EXERCISE MATERIAL:
• • •

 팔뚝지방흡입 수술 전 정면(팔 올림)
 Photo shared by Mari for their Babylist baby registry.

• • •

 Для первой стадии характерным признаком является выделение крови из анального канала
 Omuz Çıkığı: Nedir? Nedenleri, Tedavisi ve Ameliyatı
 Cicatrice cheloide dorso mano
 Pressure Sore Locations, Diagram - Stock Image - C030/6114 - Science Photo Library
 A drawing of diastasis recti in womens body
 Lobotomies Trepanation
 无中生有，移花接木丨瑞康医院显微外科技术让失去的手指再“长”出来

• • •

YOUR GOAL: Lines in the data that hold "Photo" must be located and copied.

REPLY:
 Photo shared by Mari for their Babylist baby registry.
 Pressure Sore Locations, Diagram - Stock Image - C030/6114 - Science Photo Library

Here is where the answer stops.